* [ASSIGNED TASK]: Of the lines in the data below, write out exactly those from the one holding "Franklin Men's Neo-Fit Batting Glove" through the one holding "2025 Honda Accord Sport", both included.

-------- EXCERPTED RECORDS --------

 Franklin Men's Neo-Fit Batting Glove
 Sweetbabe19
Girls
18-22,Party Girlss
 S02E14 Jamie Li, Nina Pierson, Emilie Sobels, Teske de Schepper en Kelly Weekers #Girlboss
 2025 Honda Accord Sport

--------
-------- EXCERPTED RECORDS --------

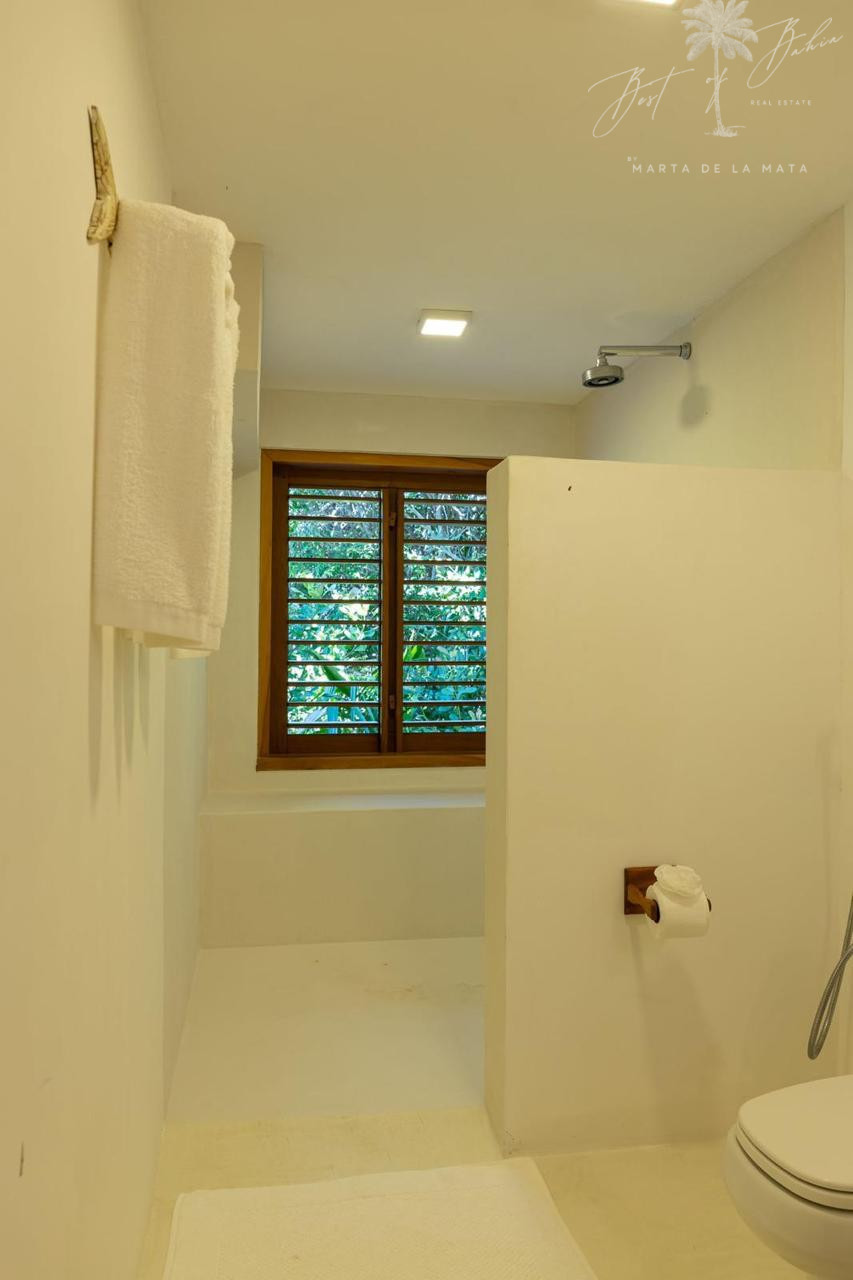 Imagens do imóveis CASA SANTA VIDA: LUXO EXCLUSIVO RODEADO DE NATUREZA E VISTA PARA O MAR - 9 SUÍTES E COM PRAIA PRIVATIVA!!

--------
-------- EXCERPTED RECORDS --------

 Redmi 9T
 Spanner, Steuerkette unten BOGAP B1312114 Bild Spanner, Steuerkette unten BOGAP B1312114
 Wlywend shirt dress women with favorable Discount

--------

* [SOLUTION FOR THIS EXERCISE]:
 Franklin Men's Neo-Fit Batting Glove
 Sweetbabe19
Girls
18-22,Party Girlss
 S02E14 Jamie Li, Nina Pierson, Emilie Sobels, Teske de Schepper en Kelly Weekers #Girlboss
 2025 Honda Accord Sport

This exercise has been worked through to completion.